The problem | Below are entries with pictures among them; reproduce exactly, and only, the lines from the one containing "POLO RALPH LAUREN（ポロ・ラルフローレン）" down to the one containing "Ma Thần Trùng Sinh Chapter 54 - 37", without the pictures.

Raw data |
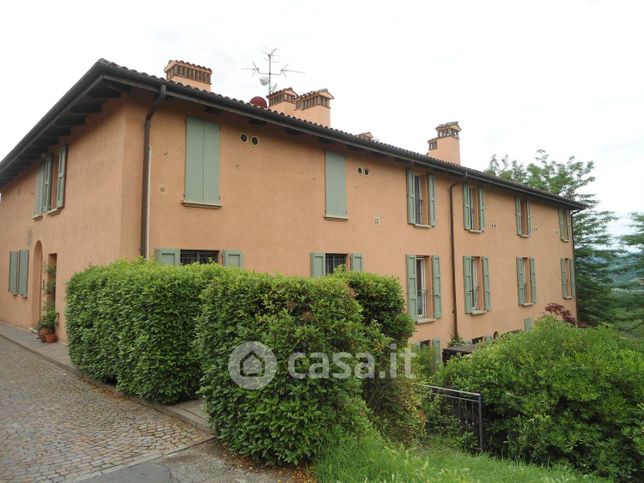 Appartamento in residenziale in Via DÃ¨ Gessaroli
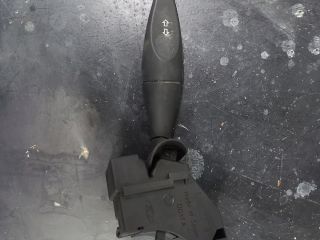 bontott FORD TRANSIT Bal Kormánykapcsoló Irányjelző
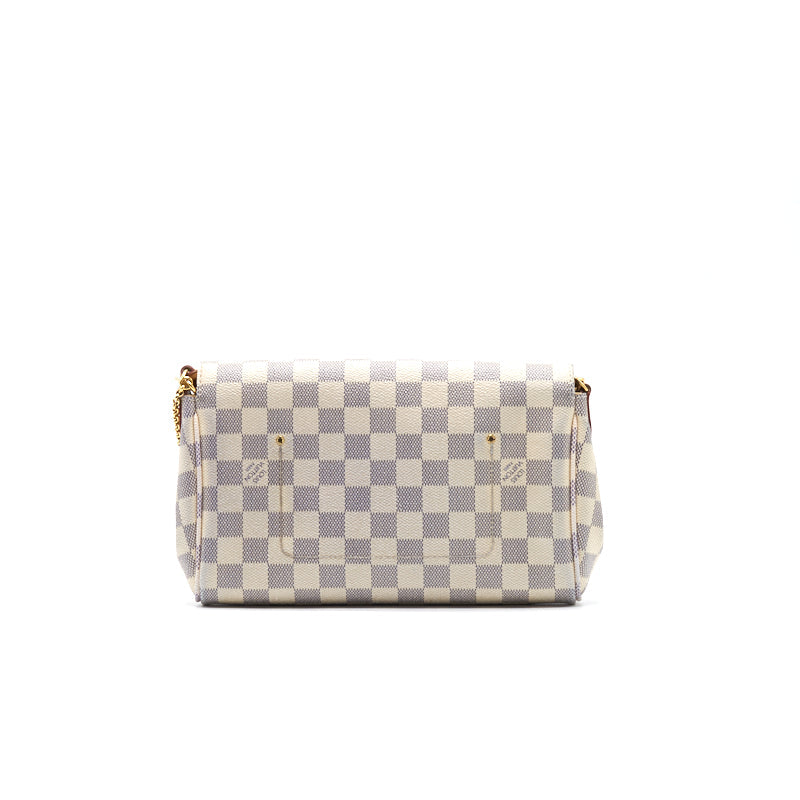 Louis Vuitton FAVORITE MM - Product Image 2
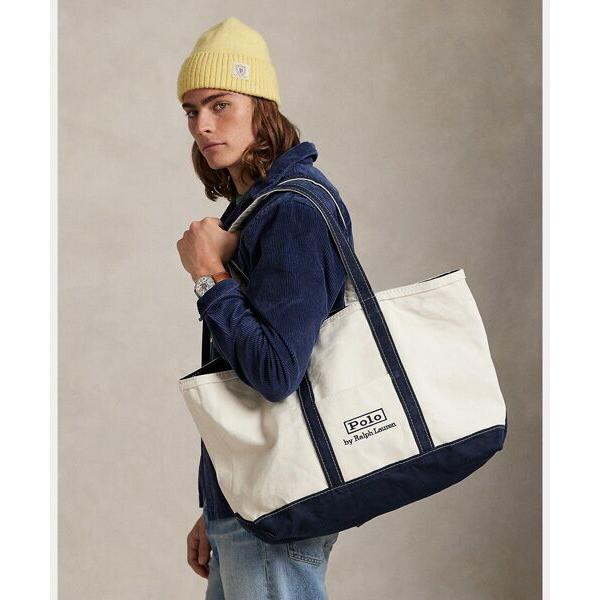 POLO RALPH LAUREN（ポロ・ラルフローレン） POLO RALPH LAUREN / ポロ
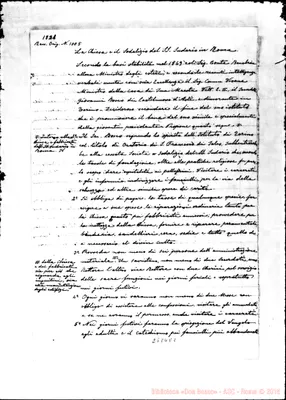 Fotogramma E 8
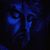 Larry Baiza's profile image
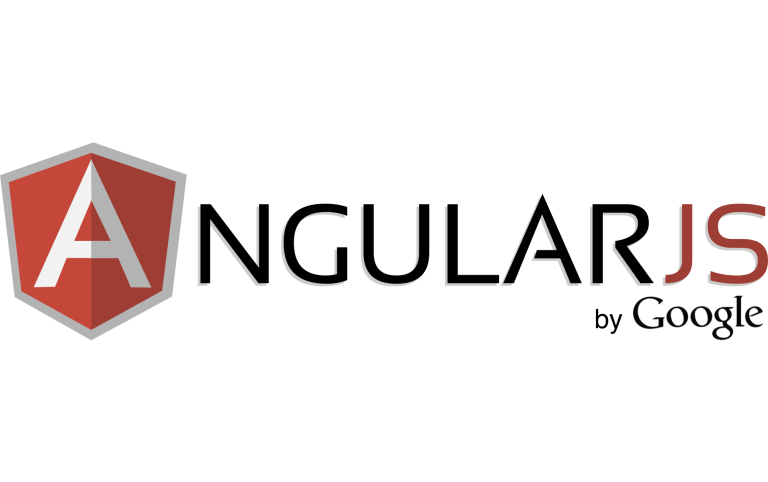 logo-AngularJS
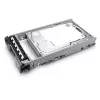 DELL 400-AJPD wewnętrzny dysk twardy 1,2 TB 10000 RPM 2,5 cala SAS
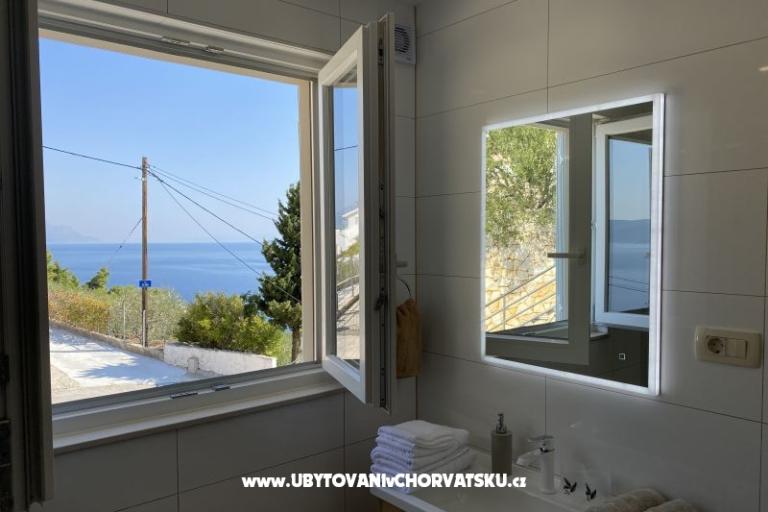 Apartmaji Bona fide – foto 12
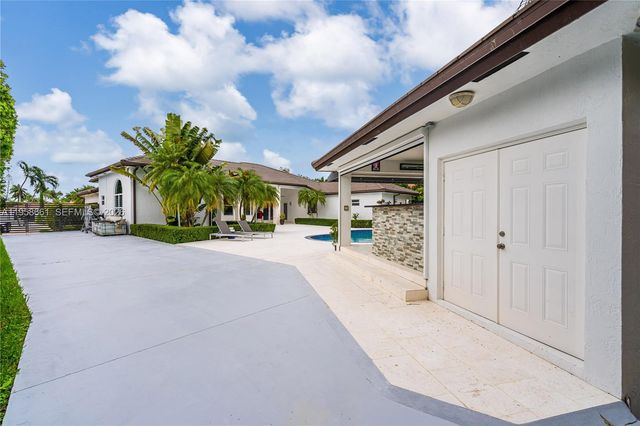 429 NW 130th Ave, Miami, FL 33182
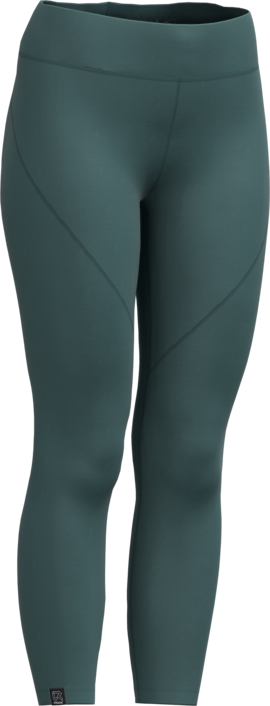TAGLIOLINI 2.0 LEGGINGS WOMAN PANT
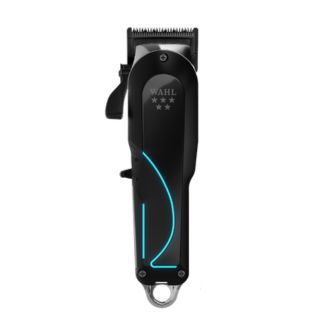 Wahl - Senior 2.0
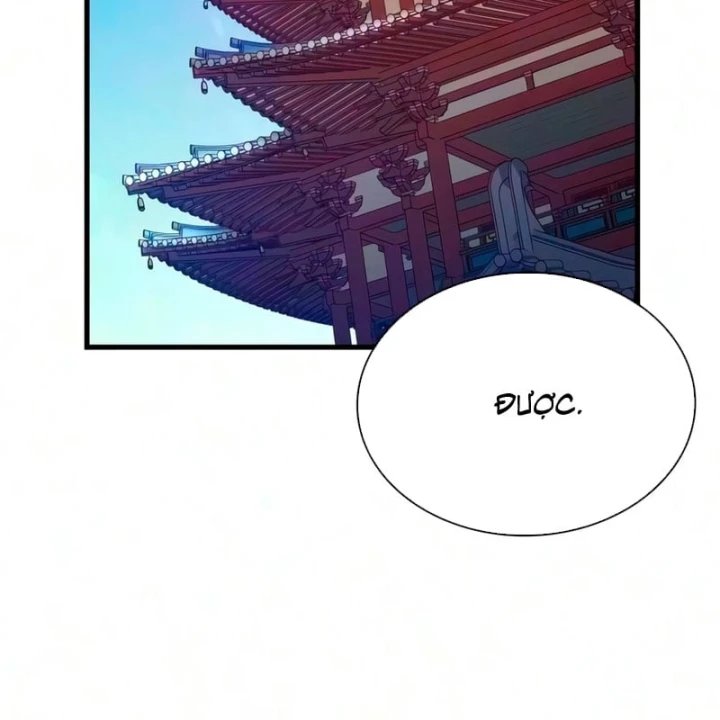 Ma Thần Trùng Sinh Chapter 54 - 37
...
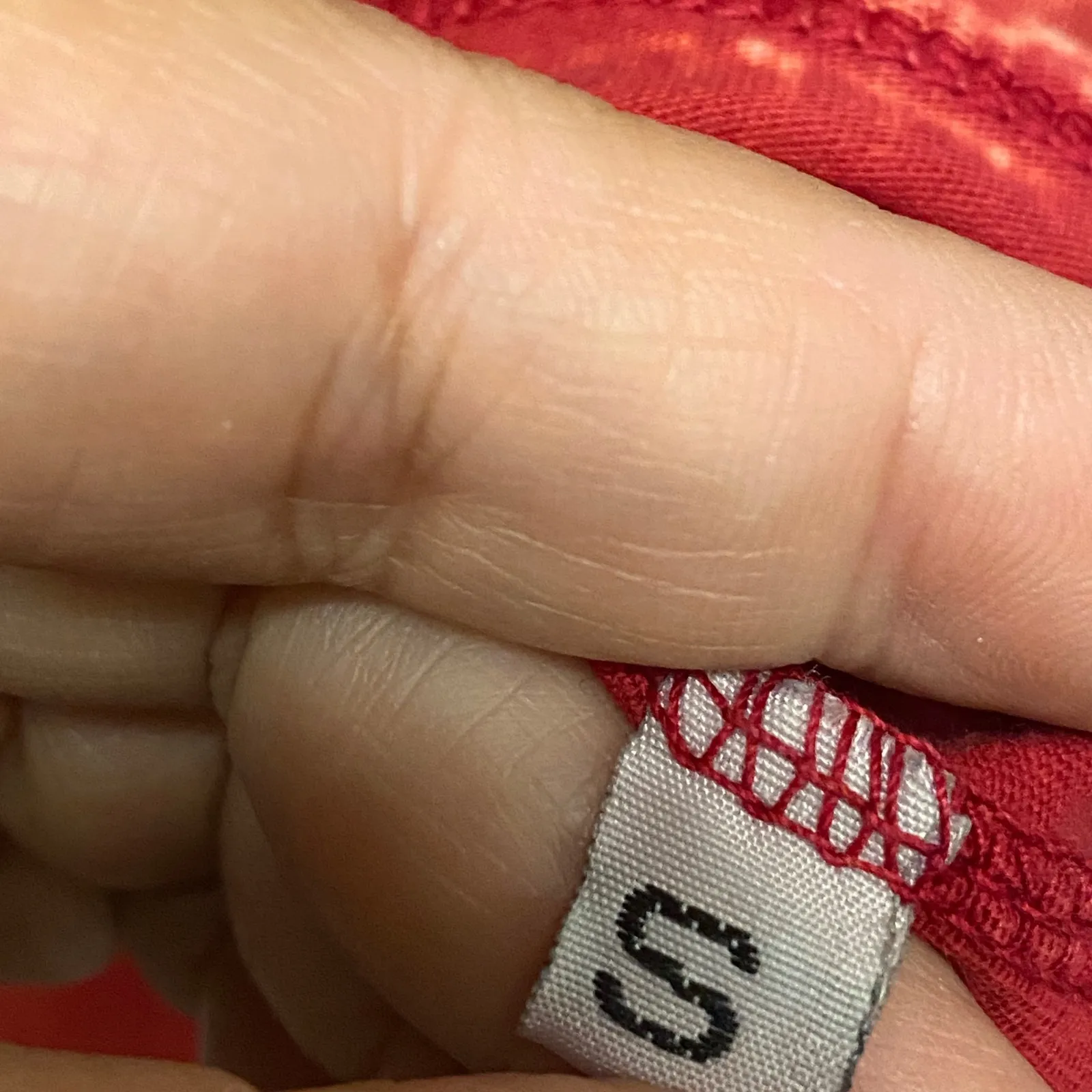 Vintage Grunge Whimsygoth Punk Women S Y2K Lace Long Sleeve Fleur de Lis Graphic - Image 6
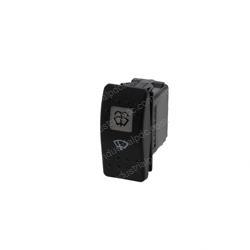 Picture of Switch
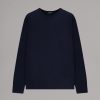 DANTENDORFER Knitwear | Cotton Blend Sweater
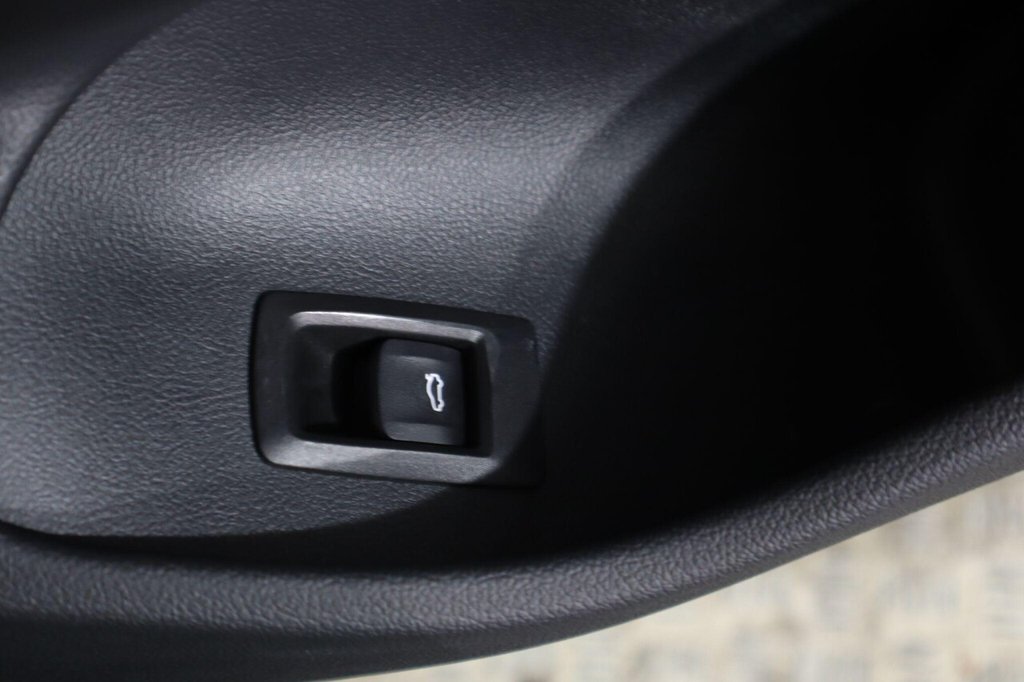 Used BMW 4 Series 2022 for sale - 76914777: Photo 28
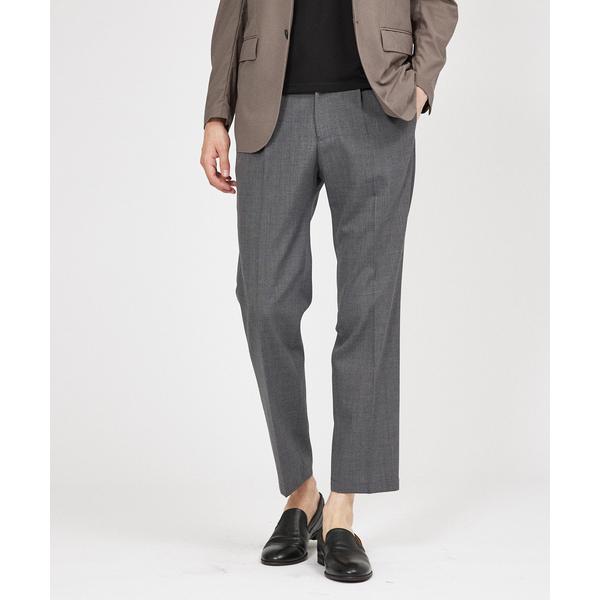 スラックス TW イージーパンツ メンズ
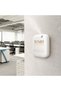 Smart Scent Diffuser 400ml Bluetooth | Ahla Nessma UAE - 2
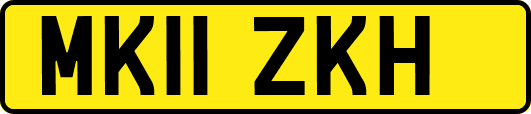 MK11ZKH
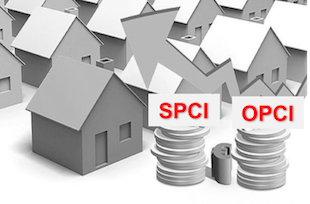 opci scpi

Solution |
 POLO RALPH LAUREN（ポロ・ラルフローレン） POLO RALPH LAUREN / ポロ
 Fotogramma E 8
 Larry Baiza's profile image
 logo-AngularJS
 DELL 400-AJPD wewnętrzny dysk twardy 1,2 TB 10000 RPM 2,5 cala SAS
 Apartmaji Bona fide – foto 12
 429 NW 130th Ave, Miami, FL 33182
TAGLIOLINI 2.0 LEGGINGS WOMAN PANT
 Wahl - Senior 2.0
 Ma Thần Trùng Sinh Chapter 54 - 37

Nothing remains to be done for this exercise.